O percurso da italiana até o bronze incluiu uma derrota na semifinal para a austríaca Helge Payer, enquanto Caffon foi eliminada na outra chave pela tcheca Zuzana Maderova. No confronto pelo bronze, porém, Dalmasso impôs-se com frieza e técnica, aproveitando a experiência acumulada em circuitos internacionais e convertendo a oportunidade em resultado concreto para a delegação italiana.
Além do resultado isolado, a medalha de Lucia Dalmasso apresenta leituras que ultrapassam o pódio: é reflexo de investimentos crescentes em modalidades de neve que, nas últimas décadas, saíram do perímetro histórico do esqui alpino para incorporar tendências técnicas, culturalmente jovens e menos previsíveis, como o snowboard. Para a Itália, que guarda tradições fortes em esportes invernais, essa conquista reafirma a capacidade de renovação e de formar atletas capazes de disputar em diferentes prisões de velocidade e estratégia.

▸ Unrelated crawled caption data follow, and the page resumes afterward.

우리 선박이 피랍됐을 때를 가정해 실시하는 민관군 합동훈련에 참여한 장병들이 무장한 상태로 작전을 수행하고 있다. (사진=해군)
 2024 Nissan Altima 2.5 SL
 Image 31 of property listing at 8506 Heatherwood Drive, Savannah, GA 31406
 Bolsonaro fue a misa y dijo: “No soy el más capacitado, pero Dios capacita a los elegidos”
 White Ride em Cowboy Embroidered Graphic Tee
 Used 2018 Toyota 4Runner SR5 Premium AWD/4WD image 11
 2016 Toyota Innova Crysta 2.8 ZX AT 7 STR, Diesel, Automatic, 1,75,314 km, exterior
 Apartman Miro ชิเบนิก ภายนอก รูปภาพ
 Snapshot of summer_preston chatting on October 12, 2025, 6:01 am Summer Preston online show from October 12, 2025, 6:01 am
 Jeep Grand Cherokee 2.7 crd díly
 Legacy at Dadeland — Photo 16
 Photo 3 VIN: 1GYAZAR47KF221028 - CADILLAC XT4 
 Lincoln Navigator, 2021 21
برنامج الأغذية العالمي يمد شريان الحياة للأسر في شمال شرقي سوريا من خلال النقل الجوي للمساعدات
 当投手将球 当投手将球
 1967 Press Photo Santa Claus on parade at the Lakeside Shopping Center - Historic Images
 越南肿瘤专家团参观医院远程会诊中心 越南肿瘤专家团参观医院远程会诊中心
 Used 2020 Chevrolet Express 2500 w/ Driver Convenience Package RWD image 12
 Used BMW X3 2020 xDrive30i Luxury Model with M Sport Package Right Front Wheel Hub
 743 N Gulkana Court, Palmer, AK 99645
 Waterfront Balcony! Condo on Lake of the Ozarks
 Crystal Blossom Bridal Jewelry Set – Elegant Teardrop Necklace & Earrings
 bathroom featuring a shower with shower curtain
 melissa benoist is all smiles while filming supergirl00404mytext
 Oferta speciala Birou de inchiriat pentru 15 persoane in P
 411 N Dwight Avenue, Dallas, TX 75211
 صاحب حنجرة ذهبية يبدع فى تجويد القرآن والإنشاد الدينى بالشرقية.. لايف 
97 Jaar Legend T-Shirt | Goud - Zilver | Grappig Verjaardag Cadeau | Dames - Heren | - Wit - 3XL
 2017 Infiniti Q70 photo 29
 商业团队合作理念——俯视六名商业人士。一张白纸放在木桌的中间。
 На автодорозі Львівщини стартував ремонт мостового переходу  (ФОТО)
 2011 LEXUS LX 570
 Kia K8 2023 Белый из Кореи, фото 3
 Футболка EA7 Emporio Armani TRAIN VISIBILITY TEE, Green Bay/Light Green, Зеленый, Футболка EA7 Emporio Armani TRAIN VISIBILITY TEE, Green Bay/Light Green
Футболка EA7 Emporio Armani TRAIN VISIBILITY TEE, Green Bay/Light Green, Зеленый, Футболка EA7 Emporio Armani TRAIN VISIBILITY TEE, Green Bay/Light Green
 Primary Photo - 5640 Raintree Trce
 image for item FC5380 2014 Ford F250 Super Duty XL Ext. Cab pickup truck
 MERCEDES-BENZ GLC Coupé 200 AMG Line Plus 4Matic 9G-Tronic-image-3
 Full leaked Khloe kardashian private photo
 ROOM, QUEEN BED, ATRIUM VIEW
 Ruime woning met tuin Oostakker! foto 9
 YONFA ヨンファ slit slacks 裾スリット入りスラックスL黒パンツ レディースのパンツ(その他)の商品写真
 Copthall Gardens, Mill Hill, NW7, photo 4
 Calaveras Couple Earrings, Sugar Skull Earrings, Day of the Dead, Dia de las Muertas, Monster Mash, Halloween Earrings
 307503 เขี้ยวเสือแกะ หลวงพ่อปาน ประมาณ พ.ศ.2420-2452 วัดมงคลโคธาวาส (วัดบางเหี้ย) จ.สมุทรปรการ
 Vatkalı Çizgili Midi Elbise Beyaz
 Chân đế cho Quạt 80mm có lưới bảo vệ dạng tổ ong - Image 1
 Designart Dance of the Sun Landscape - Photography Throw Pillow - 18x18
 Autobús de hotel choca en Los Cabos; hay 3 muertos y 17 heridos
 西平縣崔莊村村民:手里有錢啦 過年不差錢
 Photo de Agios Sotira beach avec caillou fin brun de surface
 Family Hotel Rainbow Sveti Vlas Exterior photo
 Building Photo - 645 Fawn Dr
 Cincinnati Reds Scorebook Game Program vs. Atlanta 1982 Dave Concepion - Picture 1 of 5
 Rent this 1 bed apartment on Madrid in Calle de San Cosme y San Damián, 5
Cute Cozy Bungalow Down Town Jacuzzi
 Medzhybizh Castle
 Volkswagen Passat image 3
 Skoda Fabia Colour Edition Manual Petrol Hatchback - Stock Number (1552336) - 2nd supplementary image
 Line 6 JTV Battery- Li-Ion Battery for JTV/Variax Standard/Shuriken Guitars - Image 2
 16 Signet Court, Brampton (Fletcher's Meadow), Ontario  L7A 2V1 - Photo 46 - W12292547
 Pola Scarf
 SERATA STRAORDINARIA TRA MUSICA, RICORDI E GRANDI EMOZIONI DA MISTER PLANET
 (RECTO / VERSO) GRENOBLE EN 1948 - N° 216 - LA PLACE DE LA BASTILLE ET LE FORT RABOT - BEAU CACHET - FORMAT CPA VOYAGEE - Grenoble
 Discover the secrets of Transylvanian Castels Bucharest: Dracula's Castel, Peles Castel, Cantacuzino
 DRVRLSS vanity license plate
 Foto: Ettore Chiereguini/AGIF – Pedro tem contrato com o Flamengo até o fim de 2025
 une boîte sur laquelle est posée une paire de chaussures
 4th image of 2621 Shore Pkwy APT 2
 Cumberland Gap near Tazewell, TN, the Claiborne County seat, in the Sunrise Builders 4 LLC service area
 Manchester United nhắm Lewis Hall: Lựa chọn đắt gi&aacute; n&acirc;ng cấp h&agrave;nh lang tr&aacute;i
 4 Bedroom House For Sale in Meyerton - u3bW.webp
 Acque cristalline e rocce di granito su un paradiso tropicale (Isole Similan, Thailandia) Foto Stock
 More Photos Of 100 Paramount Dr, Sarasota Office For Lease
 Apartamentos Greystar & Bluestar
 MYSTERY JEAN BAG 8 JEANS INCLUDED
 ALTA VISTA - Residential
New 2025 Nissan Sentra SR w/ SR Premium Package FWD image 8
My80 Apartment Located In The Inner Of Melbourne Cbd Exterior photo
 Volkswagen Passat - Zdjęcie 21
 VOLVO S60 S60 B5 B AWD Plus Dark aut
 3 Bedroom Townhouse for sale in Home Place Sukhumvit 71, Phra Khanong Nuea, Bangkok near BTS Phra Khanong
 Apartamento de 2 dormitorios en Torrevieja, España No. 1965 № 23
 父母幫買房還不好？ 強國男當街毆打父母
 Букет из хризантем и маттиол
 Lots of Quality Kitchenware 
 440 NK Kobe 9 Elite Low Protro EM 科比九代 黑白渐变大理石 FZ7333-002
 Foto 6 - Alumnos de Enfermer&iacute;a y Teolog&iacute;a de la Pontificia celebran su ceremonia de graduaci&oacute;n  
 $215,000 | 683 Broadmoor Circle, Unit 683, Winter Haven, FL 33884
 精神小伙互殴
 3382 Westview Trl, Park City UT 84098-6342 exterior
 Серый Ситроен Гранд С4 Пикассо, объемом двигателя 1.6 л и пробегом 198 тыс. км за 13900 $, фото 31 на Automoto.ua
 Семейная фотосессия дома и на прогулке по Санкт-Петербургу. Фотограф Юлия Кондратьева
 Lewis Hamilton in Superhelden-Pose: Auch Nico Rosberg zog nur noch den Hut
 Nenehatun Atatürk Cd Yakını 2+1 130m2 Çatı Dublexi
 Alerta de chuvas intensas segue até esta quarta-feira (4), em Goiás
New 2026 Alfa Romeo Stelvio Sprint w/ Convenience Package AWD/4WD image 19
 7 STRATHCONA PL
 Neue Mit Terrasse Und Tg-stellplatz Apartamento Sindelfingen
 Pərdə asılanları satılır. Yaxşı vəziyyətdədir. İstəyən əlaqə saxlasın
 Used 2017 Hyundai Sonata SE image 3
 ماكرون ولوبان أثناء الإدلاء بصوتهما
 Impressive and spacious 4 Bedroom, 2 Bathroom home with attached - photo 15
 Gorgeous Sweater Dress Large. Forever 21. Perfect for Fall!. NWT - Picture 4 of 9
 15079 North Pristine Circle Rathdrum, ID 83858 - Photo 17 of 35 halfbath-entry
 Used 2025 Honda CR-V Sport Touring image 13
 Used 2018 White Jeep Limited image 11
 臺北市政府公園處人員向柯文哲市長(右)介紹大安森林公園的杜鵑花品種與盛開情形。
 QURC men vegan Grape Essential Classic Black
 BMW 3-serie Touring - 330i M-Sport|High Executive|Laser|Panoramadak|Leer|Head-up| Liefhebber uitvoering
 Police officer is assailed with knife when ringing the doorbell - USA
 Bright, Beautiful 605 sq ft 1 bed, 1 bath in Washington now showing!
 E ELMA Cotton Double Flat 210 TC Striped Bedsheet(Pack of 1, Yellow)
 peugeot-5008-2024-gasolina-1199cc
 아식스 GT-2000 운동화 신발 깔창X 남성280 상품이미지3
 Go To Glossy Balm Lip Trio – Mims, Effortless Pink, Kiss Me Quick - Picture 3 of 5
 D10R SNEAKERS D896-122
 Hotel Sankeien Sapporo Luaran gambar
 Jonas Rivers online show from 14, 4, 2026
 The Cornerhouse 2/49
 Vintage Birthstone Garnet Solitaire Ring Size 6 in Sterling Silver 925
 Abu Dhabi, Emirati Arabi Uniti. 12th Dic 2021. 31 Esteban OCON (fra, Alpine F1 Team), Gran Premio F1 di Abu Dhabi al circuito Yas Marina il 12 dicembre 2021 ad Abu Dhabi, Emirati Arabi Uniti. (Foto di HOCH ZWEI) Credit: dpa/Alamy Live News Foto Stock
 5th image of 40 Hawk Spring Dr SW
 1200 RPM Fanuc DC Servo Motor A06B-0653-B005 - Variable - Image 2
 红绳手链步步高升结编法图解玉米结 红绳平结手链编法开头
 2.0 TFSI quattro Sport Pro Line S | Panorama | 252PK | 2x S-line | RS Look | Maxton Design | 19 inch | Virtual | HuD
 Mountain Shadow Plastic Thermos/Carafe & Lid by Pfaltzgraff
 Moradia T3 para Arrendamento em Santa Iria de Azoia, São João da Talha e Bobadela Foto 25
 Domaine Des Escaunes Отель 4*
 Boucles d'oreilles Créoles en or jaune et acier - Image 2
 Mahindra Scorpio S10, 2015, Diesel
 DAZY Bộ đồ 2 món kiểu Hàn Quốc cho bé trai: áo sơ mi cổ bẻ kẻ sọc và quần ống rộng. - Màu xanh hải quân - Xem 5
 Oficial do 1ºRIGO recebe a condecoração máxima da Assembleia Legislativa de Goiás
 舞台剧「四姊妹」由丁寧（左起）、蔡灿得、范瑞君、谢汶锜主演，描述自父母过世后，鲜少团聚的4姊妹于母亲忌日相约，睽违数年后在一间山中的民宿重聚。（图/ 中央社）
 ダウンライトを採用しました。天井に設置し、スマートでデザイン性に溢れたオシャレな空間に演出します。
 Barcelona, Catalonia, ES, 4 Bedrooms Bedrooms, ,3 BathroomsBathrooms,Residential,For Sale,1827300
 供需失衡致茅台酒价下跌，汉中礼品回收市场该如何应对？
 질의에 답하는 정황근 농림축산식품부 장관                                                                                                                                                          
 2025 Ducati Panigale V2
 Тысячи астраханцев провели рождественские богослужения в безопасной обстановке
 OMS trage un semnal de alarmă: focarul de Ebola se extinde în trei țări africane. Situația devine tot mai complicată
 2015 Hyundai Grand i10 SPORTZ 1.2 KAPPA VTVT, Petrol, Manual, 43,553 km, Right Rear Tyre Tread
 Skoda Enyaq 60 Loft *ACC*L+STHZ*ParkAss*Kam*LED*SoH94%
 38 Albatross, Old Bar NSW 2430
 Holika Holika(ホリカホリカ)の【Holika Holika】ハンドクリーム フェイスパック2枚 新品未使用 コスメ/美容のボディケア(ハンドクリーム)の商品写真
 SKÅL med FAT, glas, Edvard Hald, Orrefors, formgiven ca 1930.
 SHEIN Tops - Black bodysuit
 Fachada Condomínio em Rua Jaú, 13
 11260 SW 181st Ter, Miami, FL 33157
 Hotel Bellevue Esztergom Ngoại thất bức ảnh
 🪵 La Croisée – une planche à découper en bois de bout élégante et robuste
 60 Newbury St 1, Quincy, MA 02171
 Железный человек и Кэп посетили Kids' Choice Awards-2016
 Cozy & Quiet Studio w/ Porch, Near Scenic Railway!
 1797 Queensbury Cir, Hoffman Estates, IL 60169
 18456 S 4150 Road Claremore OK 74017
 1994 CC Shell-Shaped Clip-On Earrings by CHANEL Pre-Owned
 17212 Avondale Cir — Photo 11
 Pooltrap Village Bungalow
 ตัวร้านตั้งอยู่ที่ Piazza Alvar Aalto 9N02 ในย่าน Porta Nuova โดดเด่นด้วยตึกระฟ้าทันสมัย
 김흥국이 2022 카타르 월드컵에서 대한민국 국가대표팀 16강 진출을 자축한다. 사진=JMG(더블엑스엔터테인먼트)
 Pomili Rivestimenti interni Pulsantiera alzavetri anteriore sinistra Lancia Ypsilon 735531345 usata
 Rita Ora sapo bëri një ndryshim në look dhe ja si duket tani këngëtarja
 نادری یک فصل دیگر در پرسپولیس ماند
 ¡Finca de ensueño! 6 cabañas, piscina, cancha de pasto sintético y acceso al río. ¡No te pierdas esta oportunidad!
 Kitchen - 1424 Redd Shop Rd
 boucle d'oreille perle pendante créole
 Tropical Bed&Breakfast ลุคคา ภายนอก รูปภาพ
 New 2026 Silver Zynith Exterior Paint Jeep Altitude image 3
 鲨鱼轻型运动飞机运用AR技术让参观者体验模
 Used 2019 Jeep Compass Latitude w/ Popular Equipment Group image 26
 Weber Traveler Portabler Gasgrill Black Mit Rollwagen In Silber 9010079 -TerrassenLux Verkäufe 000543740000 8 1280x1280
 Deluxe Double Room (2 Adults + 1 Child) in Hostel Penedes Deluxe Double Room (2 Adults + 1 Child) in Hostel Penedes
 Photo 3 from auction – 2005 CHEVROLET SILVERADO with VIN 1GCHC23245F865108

Do ponto de vista esportivo, o gigante paralelo é prova de contraste entre precisão e combatividade. A natureza do confronto direto — onde frações de segundo definem caminhos — evidencia a margem estreita entre vitória e eliminação. Ao longo da tarde em Milano Cortina, vimos nomes como Helge Payer e Zuzana Maderova oferecerem resistência técnica; ainda assim, foi a consistência italiana que garantiu o bronze.
Em termos sociais, o pódio de Dalmasso funciona como narrativa de identidade: um esporte que reúne jovens, estética e tecnicidade volta a produzir símbolos relevantes para uma plateia que busca identificação além do resultado puramente competitivo. Estádios de inverno e pistas de competição tornam-se, assim, pequenas arenas de memória coletiva, onde resultados carregam ecos de políticas de base, de investimentos em infraestrutura e daquilo que os clubes e federações conseguem projetar como futuro.
Para quem acompanha a evolução do snowboard italiano, a medalha tem valor prático — impulso para patrocinadores, para projetos de formação e para ampliar a visibilidade de atletas que, como Dalmasso e Caffon, representam a nova geração. Resta ao país consolidar esse momento, transformando o bronze de hoje em plataforma para metas maiores nas próximas temporadas e competições mundiais.
Em resumo, a conquista de Lucia Dalmasso em Milano Cortina é mais do que um pódio: é um indicativo de saúde institucional e de capacidade de renovação técnica num cenário onde o snowboard continua a reescrever posições e significados no esporte de inverno europeu.
Foto: atleta italiana no pódio durante as cerimônias em Milano Cortina.